With digital era, the cost of a single capture is the cost of storage, which is negligible. We can thus go away from trying to get a perfect capture in one shot: a perfect capture can happen mixing a multitude of images. We can shoot as much as we want and maximize our chances of success.

In my opinion, a today’s picture is rarely completed with a single capture. Instead, it must be done with multiple shots assembled in Photoshop or an other postproduction software, by using collaging / stitching techniques to extend the composition, or HDR to extend the dynamic range, or focus stacking to increase the DOF, or whatever. However, trying to density and  build a final image is only one of the things we need to go away of even if we learn how to create artistic photographs.

Therefore ask yourself a few questions:

  • Looking at your approach to create artistic photographs, what do you want to change ? Make a list: what to throw away and what to keep doing.
  • Where do you stand regarding the film vs digital paradigm ? How do you feel about deeply manipulating your photographs ? 
  • Which manipulations are you doing now? Which ones do you want to learn and use in the future?
  • What is the most challenging thing for you to go away of ? Why is that ? 

Turning photography into art means doing something different, something new, something that has maybe been dreamed, but not been done before. Innovation is at the root of art and to innovate we have to go away of preconceptions.

We have to learn to go away. Go away comes after learning. First, we learn, then we run away from what we feel stopping us from being fully creative, from becoming ourselves. Go away starts by changing this belief and clearing our head.

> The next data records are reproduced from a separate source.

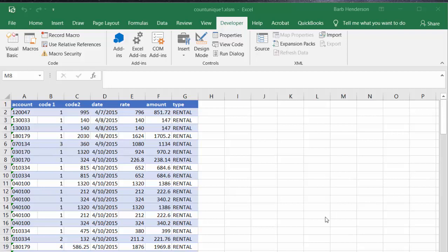Column A contains the customer numbers. Now there is a method of counting the number of unique values using the advanced filter method, but for me this is much easier using VBA. We're concerned with column A with the account number or the customer account numbers here.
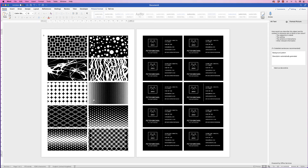Hi, and in today's video I'm going to show you how to create business cards in Word with different designs on the reverse. I'll show you how to save them as a PDF and also as a template.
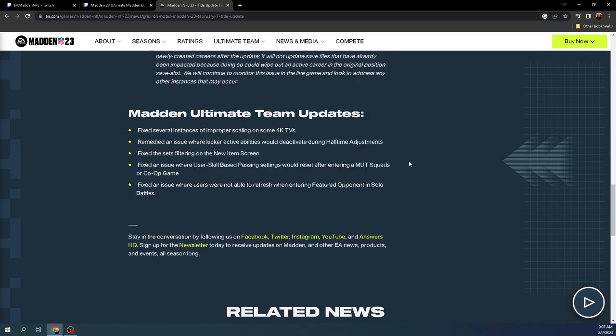Face of the franchise, don't really care too much about face of the franchise. Fixed an issue where user skill-based passing settings would reset after entering a Mutt Squad's game. Great.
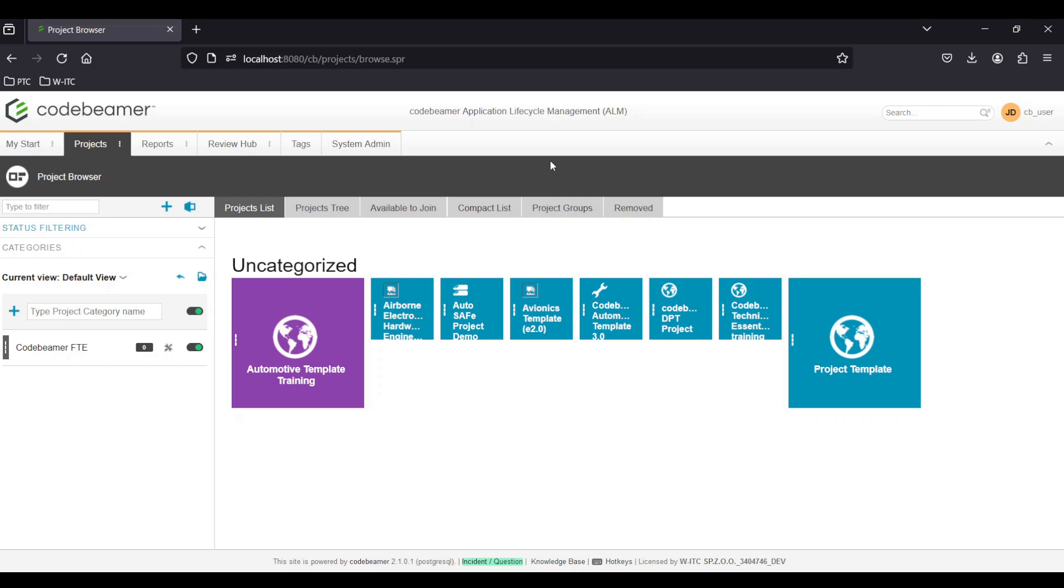Hello and welcome to WITC's Codebeamer for beginners. Today I'll guide you through navigating the main panel of Codebeamer. This interface is designed to enhance your user experience by providing easy access to various functionalities. Let's dive right in.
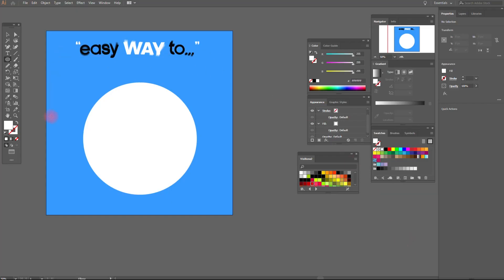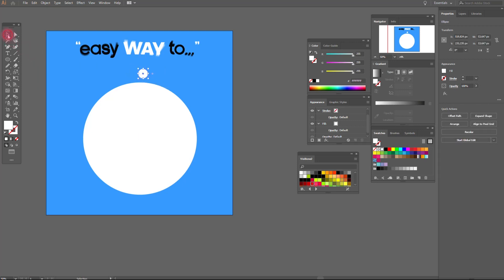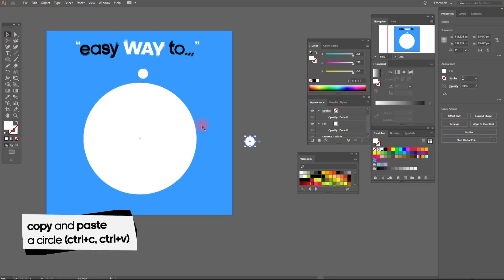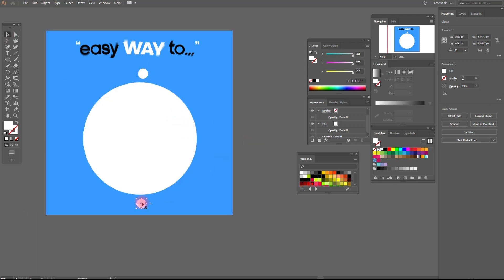Okay, let's start. First, we need to draw a little circle. Now copy and paste this circle, and then do everything like me.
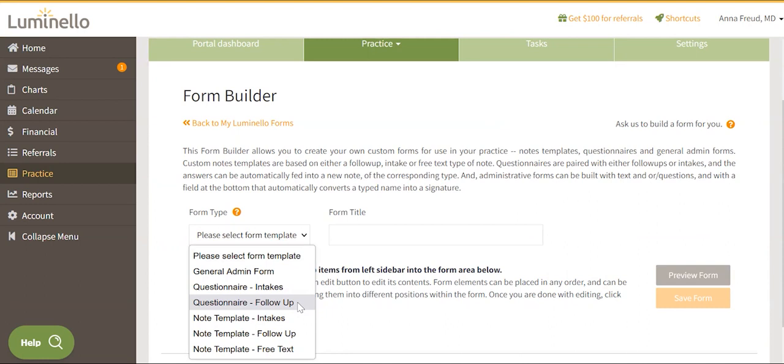Note Template Intake: This form is used to compose intake notes with custom fields that our basic intake notes don't have. Note Template Follow-up: This form is used for composing soap notes with custom fields that our soap note doesn't have.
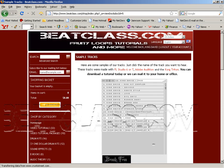So tell everybody, everybody that you know all around the internet, let them know that it's going down. I want people that we know from Japan and from Germany, all the people that are involved with the Beatclass movement.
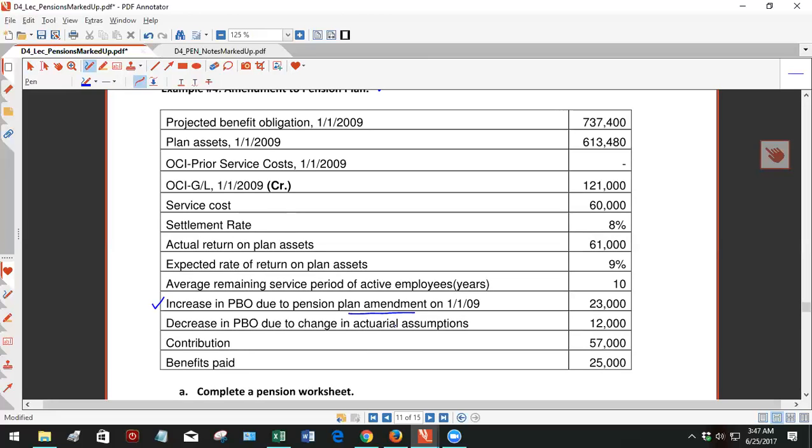So anyway, it's always going to increase the PBO, unless it goes through a court proceeding, but we're doing normal accounting, we're assuming that it's an ongoing concern.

Going away means thus pushing aside the things that prevent us from being creative. It can be a single thing but most of the time they are a lot of. We cannot let them go all at once because we do not necessarily know what they are. We need to go away when discover what they are, one after one.

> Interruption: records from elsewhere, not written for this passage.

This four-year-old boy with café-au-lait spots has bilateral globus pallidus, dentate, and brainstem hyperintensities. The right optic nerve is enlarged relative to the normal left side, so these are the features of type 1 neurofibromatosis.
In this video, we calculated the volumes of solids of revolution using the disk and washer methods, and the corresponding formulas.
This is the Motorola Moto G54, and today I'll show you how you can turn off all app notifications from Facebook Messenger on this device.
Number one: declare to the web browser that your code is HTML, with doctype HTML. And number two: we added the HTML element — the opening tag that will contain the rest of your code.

However, we do not want to run away from everything. We do not want to let go what is positive. Some of the things we are doing are good and deserve to be carefully kept. This selection, what to keep and what to go away from, is personal. It is different for each and every one of us. What you decide to keep and what you decide to let down are truly personal decisions.

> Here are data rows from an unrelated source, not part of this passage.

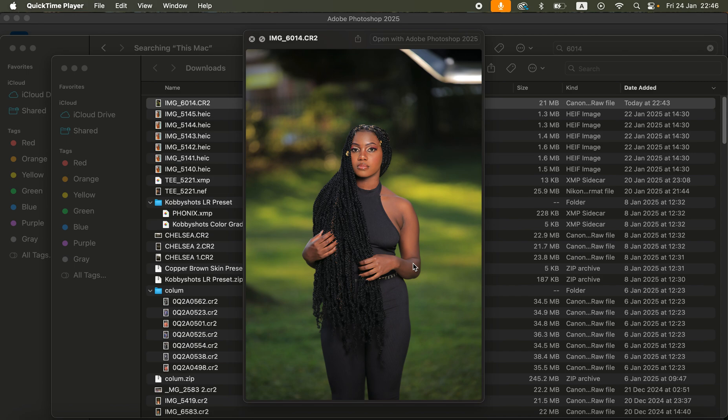In this video I'll be showing you how you can easily edit and color grade your images and make them pop. We're going to learn how to color correct images regarding colors and also how to even and match skin tones for your images in Photoshop.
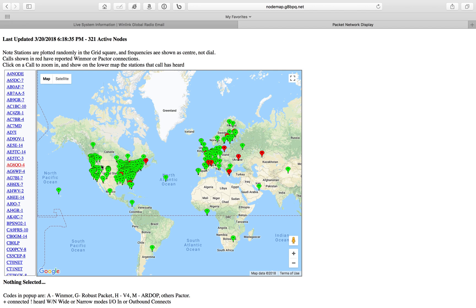There you go. All these dots here are winlink gateways that are not running the official RMS winlink host software. These are gateways running the BPQ32 software, which is the same software used to host the bulletin board system. It sounds like the BPQ32 software can do a little bit more — it can run bulletin boards, it can do beaconing, it can do winlink gateways and things like that.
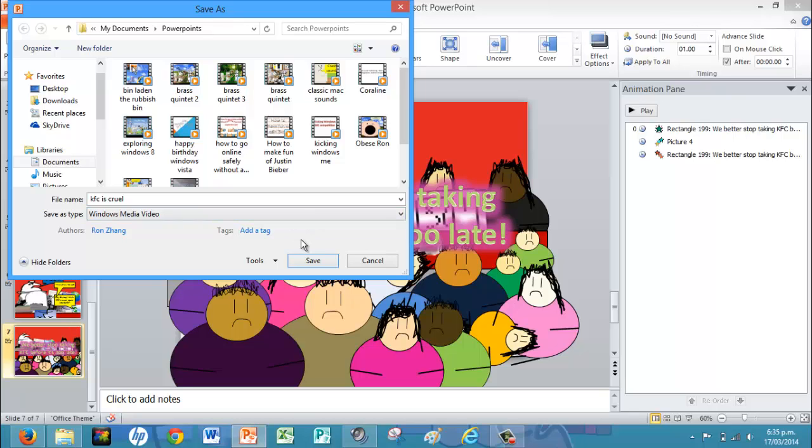YouTube is not compatible with this. It's PowerPoint. It can only be compatible with video. So just save it.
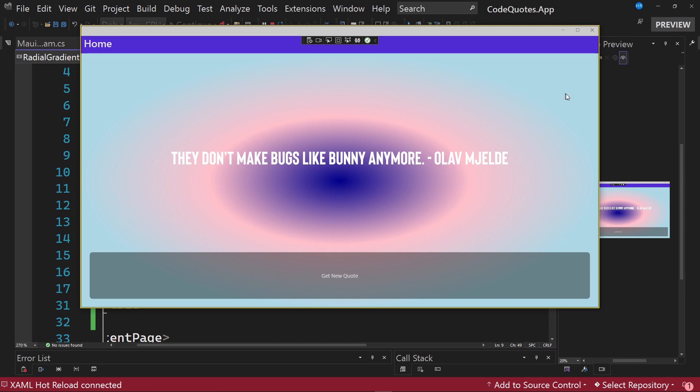We see how it extends from the center with the initial color to the color on the outside. This is how we can work with gradients, and this is what we are going to apply in our code quotes application.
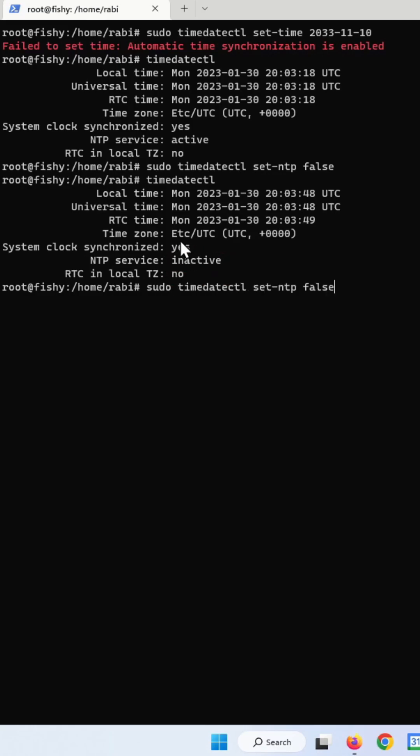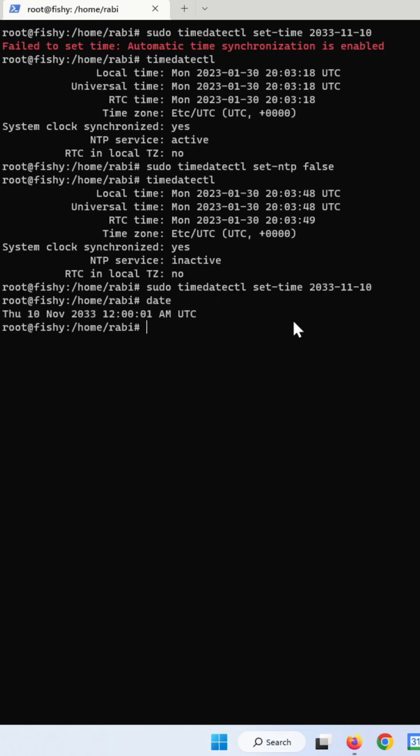Now you can go ahead and change your system time using your previous command to that. And if you type date, you can see that the time has been changed.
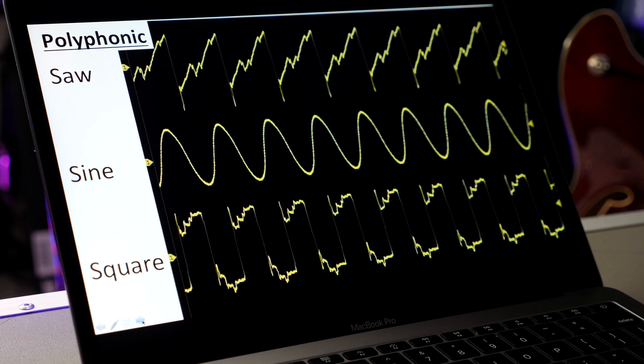Our theory as to why this is happening is that the polyphonic pitch tracker has a hard time differentiating between the fundamental and the harmonics present in the incoming signal. As a result, it produces something that looks polyphonic as opposed to a nice, clean fundamental — which is what, in a synth pedal, you want to be building your sounds from.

The outcome of these steps is a nice path towards the creation of artistic pictures that are unique to you.

Camera Obscura

Pinhole photography, the “Camera Obscura” effect, forms an image through a small pin-sized hole rather than a lens and its origins can be traced back 2.500 years to when Mo Ti in China observed that light travels in a straight line through a small hole like an arrow. 

It is a radical alternative to conventional photography, exploring a world beyond the limitations of the human eye and human wallet. In an age of instant automated screen-based predictability it rediscovers accident, wonder and delight through experimentation, delicious qualities increasingly absent from contemporary photographic practice. 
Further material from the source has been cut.